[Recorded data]
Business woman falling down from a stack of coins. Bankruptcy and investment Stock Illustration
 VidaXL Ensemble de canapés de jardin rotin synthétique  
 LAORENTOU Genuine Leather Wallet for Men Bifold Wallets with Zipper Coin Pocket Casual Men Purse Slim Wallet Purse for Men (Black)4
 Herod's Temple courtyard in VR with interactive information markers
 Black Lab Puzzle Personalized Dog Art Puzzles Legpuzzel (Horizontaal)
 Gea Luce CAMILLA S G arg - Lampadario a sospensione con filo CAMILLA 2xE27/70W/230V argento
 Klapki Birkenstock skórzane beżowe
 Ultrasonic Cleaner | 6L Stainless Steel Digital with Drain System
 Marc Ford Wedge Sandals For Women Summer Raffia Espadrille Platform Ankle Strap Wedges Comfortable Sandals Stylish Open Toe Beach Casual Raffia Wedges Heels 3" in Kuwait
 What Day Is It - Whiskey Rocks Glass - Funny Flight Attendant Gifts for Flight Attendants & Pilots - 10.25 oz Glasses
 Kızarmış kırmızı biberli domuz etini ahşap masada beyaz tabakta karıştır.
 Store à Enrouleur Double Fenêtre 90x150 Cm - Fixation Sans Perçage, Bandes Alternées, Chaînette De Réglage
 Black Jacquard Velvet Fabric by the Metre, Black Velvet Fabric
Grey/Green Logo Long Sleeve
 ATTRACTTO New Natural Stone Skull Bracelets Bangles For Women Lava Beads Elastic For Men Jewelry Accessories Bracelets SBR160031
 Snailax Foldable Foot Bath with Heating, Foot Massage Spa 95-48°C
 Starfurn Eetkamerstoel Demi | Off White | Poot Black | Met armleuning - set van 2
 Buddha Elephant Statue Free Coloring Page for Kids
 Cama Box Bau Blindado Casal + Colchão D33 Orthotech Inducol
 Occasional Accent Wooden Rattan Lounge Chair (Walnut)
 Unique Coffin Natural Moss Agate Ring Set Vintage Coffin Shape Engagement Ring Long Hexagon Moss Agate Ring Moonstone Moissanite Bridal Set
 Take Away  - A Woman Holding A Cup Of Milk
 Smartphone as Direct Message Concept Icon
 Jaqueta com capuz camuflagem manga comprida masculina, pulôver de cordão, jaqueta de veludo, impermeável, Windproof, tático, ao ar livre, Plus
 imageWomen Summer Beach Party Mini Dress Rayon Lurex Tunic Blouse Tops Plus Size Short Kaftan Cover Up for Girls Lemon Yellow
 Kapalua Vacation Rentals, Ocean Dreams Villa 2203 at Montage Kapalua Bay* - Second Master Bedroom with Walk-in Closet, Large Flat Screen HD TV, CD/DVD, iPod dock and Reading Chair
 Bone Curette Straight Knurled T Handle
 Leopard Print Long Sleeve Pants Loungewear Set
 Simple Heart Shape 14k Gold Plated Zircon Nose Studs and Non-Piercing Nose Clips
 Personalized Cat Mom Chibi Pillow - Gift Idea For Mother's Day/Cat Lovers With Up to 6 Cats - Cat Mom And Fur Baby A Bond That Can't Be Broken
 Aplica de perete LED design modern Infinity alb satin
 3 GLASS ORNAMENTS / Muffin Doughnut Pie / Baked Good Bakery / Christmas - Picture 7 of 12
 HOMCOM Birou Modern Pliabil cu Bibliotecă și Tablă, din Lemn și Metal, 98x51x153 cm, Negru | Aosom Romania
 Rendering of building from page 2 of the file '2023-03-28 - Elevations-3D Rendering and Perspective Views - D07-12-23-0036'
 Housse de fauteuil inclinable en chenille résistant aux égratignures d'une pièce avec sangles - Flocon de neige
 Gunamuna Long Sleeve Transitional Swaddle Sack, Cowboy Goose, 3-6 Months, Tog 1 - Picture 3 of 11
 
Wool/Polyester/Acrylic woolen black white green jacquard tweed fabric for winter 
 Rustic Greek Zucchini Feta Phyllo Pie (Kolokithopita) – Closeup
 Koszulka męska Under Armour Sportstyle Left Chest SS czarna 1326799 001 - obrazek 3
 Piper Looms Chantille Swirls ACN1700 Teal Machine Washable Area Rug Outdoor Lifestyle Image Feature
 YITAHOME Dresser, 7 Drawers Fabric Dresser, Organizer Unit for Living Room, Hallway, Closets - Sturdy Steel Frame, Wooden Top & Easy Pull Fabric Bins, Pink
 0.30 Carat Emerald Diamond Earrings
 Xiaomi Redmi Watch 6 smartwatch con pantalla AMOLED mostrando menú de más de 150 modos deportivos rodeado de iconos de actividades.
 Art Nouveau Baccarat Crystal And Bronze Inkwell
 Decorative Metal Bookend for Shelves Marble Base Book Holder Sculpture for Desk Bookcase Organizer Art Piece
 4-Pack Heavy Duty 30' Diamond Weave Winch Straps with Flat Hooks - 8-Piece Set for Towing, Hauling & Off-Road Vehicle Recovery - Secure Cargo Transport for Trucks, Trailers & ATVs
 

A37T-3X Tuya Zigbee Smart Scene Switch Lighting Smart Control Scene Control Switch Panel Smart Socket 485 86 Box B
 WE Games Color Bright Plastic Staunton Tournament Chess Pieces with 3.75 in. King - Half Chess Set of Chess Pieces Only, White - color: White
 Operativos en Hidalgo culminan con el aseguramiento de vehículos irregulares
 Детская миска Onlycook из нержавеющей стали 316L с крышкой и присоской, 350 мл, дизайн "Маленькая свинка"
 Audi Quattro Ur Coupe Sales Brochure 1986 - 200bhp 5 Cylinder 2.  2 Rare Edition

== Brief ==
For this exercise, restate each of the entries without any deviation.

== Exercise solution ==
Business woman falling down from a stack of coins. Bankruptcy and investment Stock Illustration
 VidaXL Ensemble de canapés de jardin rotin synthétique  
 LAORENTOU Genuine Leather Wallet for Men Bifold Wallets with Zipper Coin Pocket Casual Men Purse Slim Wallet Purse for Men (Black)4
 Herod's Temple courtyard in VR with interactive information markers
 Black Lab Puzzle Personalized Dog Art Puzzles Legpuzzel (Horizontaal)
 Gea Luce CAMILLA S G arg - Lampadario a sospensione con filo CAMILLA 2xE27/70W/230V argento
 Klapki Birkenstock skórzane beżowe
 Ultrasonic Cleaner | 6L Stainless Steel Digital with Drain System
 Marc Ford Wedge Sandals For Women Summer Raffia Espadrille Platform Ankle Strap Wedges Comfortable Sandals Stylish Open Toe Beach Casual Raffia Wedges Heels 3" in Kuwait
 What Day Is It - Whiskey Rocks Glass - Funny Flight Attendant Gifts for Flight Attendants & Pilots - 10.25 oz Glasses
 Kızarmış kırmızı biberli domuz etini ahşap masada beyaz tabakta karıştır.
 Store à Enrouleur Double Fenêtre 90x150 Cm - Fixation Sans Perçage, Bandes Alternées, Chaînette De Réglage
 Black Jacquard Velvet Fabric by the Metre, Black Velvet Fabric
Grey/Green Logo Long Sleeve
 ATTRACTTO New Natural Stone Skull Bracelets Bangles For Women Lava Beads Elastic For Men Jewelry Accessories Bracelets SBR160031
 Snailax Foldable Foot Bath with Heating, Foot Massage Spa 95-48°C
 Starfurn Eetkamerstoel Demi | Off White | Poot Black | Met armleuning - set van 2
 Buddha Elephant Statue Free Coloring Page for Kids
 Cama Box Bau Blindado Casal + Colchão D33 Orthotech Inducol
 Occasional Accent Wooden Rattan Lounge Chair (Walnut)
 Unique Coffin Natural Moss Agate Ring Set Vintage Coffin Shape Engagement Ring Long Hexagon Moss Agate Ring Moonstone Moissanite Bridal Set
 Take Away  - A Woman Holding A Cup Of Milk
 Smartphone as Direct Message Concept Icon
 Jaqueta com capuz camuflagem manga comprida masculina, pulôver de cordão, jaqueta de veludo, impermeável, Windproof, tático, ao ar livre, Plus
 imageWomen Summer Beach Party Mini Dress Rayon Lurex Tunic Blouse Tops Plus Size Short Kaftan Cover Up for Girls Lemon Yellow
 Kapalua Vacation Rentals, Ocean Dreams Villa 2203 at Montage Kapalua Bay* - Second Master Bedroom with Walk-in Closet, Large Flat Screen HD TV, CD/DVD, iPod dock and Reading Chair
 Bone Curette Straight Knurled T Handle
 Leopard Print Long Sleeve Pants Loungewear Set
 Simple Heart Shape 14k Gold Plated Zircon Nose Studs and Non-Piercing Nose Clips
 Personalized Cat Mom Chibi Pillow - Gift Idea For Mother's Day/Cat Lovers With Up to 6 Cats - Cat Mom And Fur Baby A Bond That Can't Be Broken
 Aplica de perete LED design modern Infinity alb satin
 3 GLASS ORNAMENTS / Muffin Doughnut Pie / Baked Good Bakery / Christmas - Picture 7 of 12
 HOMCOM Birou Modern Pliabil cu Bibliotecă și Tablă, din Lemn și Metal, 98x51x153 cm, Negru | Aosom Romania
 Rendering of building from page 2 of the file '2023-03-28 - Elevations-3D Rendering and Perspective Views - D07-12-23-0036'
 Housse de fauteuil inclinable en chenille résistant aux égratignures d'une pièce avec sangles - Flocon de neige
 Gunamuna Long Sleeve Transitional Swaddle Sack, Cowboy Goose, 3-6 Months, Tog 1 - Picture 3 of 11
 
Wool/Polyester/Acrylic woolen black white green jacquard tweed fabric for winter 
 Rustic Greek Zucchini Feta Phyllo Pie (Kolokithopita) – Closeup
 Koszulka męska Under Armour Sportstyle Left Chest SS czarna 1326799 001 - obrazek 3
 Piper Looms Chantille Swirls ACN1700 Teal Machine Washable Area Rug Outdoor Lifestyle Image Feature
 YITAHOME Dresser, 7 Drawers Fabric Dresser, Organizer Unit for Living Room, Hallway, Closets - Sturdy Steel Frame, Wooden Top & Easy Pull Fabric Bins, Pink
 0.30 Carat Emerald Diamond Earrings
 Xiaomi Redmi Watch 6 smartwatch con pantalla AMOLED mostrando menú de más de 150 modos deportivos rodeado de iconos de actividades.
 Art Nouveau Baccarat Crystal And Bronze Inkwell
 Decorative Metal Bookend for Shelves Marble Base Book Holder Sculpture for Desk Bookcase Organizer Art Piece
 4-Pack Heavy Duty 30' Diamond Weave Winch Straps with Flat Hooks - 8-Piece Set for Towing, Hauling & Off-Road Vehicle Recovery - Secure Cargo Transport for Trucks, Trailers & ATVs
 

A37T-3X Tuya Zigbee Smart Scene Switch Lighting Smart Control Scene Control Switch Panel Smart Socket 485 86 Box B
 WE Games Color Bright Plastic Staunton Tournament Chess Pieces with 3.75 in. King - Half Chess Set of Chess Pieces Only, White - color: White
 Operativos en Hidalgo culminan con el aseguramiento de vehículos irregulares
 Детская миска Onlycook из нержавеющей стали 316L с крышкой и присоской, 350 мл, дизайн "Маленькая свинка"
 Audi Quattro Ur Coupe Sales Brochure 1986 - 200bhp 5 Cylinder 2.  2 Rare Edition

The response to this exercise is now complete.